Kiln does currently not support subrepos that use nested URLs on the server. This means that you cannot have both the following URLs working:

http://server/kiln/somepath/project1
http://server/kiln/somepath/project1/thirdparty

So you should setup Kiln so that you have four repositories on the server:

http://server/kiln/somepath/project1
http://server/kiln/somepath/project2
http://server/kiln/somepath/thirdparty
http://server/kiln/somepath/common

That's easy — just four normal repositories. Then clone "project" and create the .hgsub file with:

thirdparty = http://server/kiln/somepath/thirdparty
common = http://server/kiln/somepath/common

When you push that back to Kiln, it will notice and display links for the subrepositories. However, the subrepositories wont end up being nested on the server. So there wont be any project1/thirdparty path on the server.

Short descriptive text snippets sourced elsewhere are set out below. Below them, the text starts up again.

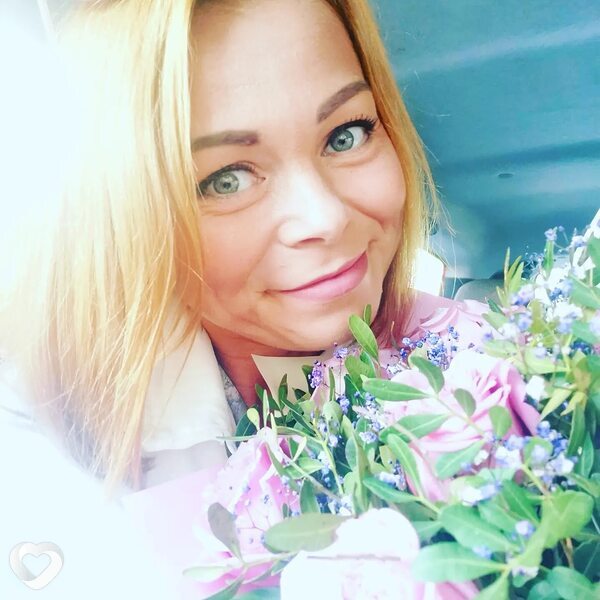 Марина, 46, Санкт-Петербурге — анкета №924124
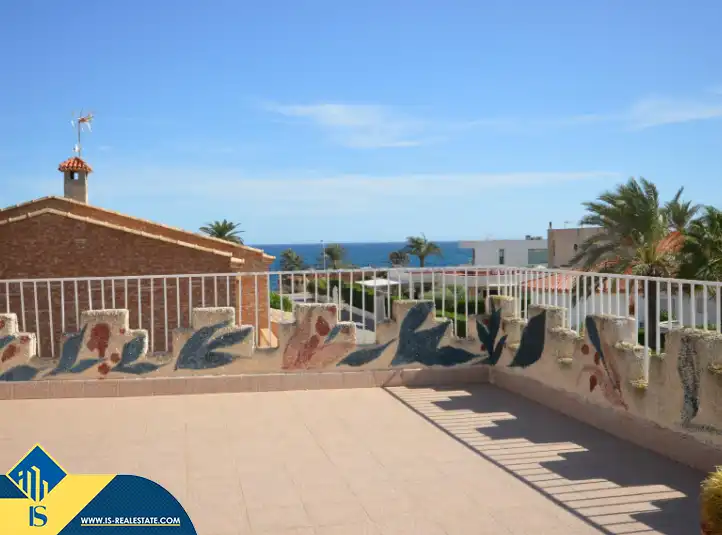 Chalet con piscina en venta en Playa del Acequión, Náufragos y Rocío del Mar, imagen 31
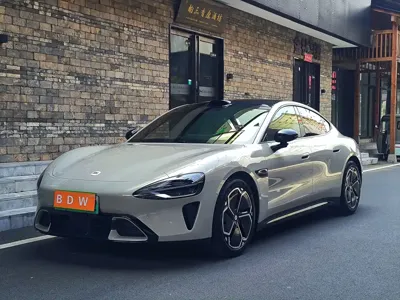 Xiaomi SU7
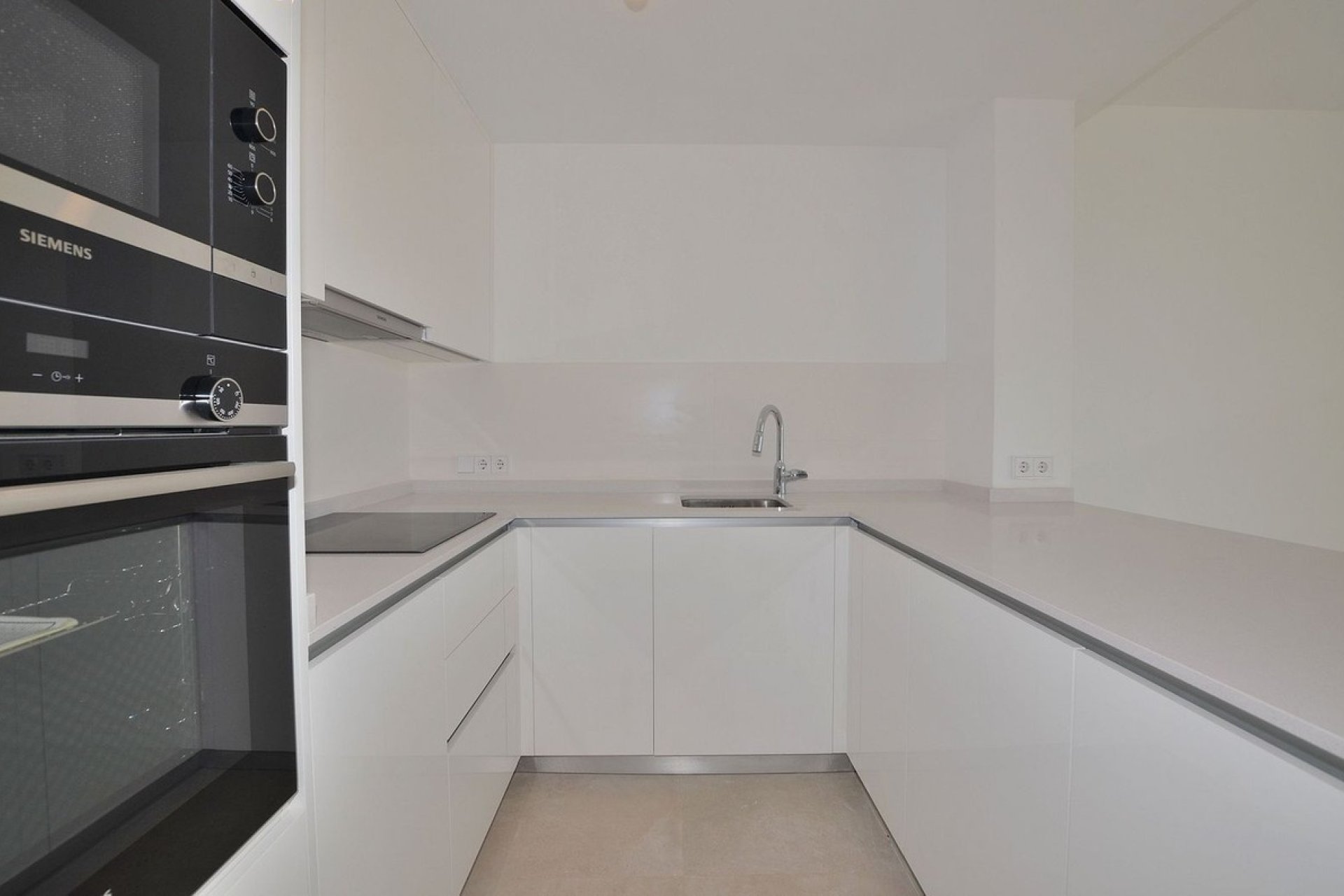 Resale - apartment - Fuengirola - Higueron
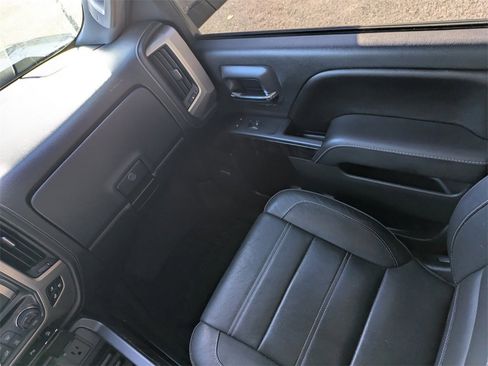 Used 2016 GMC Sierra 1500 Denali image 32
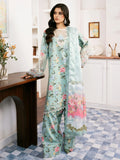 Bin ilyas | Noura Summer Edit | 71-A | 3 PC Lawn - House Of Hania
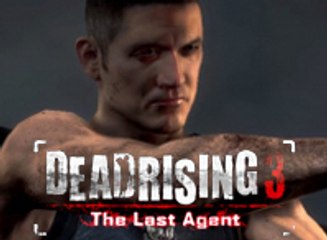 Dead Rising 3: The Last Agent, Tráiler de Lanzamiento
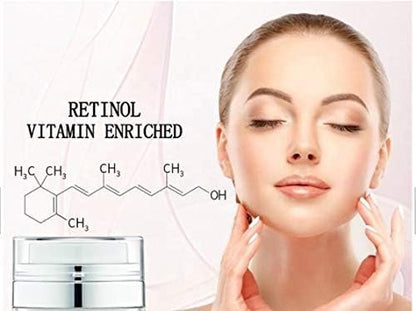 Skin ENVY Retinol Anti-Aging Cream –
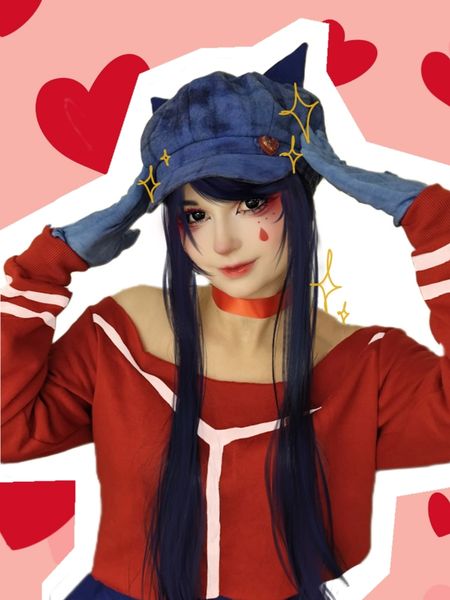 Teresavarschi - Cappie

It's also far from clear that you would want that. When you have several projects that collaborate and use some common code base, then you want "project1" and "project2" to get each other's changes to this common code base. So it very useful that the common subrepo in both projects push and pull from http://server/kiln/somepath/common.

In Mercurial, we normally recommend that you use paths of the form common = common in the .hgsub file. This means that the server must support nested repositories. When Kiln doesn't support nested repos, you can use full paths instead.

When you initially setup the subrepositories, then remember that you need to update them manually. So with the above URLs, you would setup "project1" by running:

$ hg clone http://server/kiln/somepath/project1
$ echo "common =     http://server/kiln/somepath/common" > .hgsub
$ echo "thirdparty = http://server/kiln/somepath/thirdparty" > .hgsub
$ hg commit -m "Created subrepos"

This creates initial empty subrepositories. They are empty because you haven't told Mercurial which changeset you need in them. This is tracked in .hgsubstate where you'll find:

0000000000000000000000000000000000000000 common
0000000000000000000000000000000000000000 thirdparty

To populate the subrepositories you do

$ cd common
$ hg pull --update
$ cd ../thirdparty
$ hg pull --update
$ cd ..
$ hg commit -m "Updated subrepos"

This updates the 000... lines in .hgsubstate with the current tip changeset IDs for the two subrepos. Future clones of "project1" will notice the .hgsubstate file and make sure to update the subrepos to the revision mentioned there.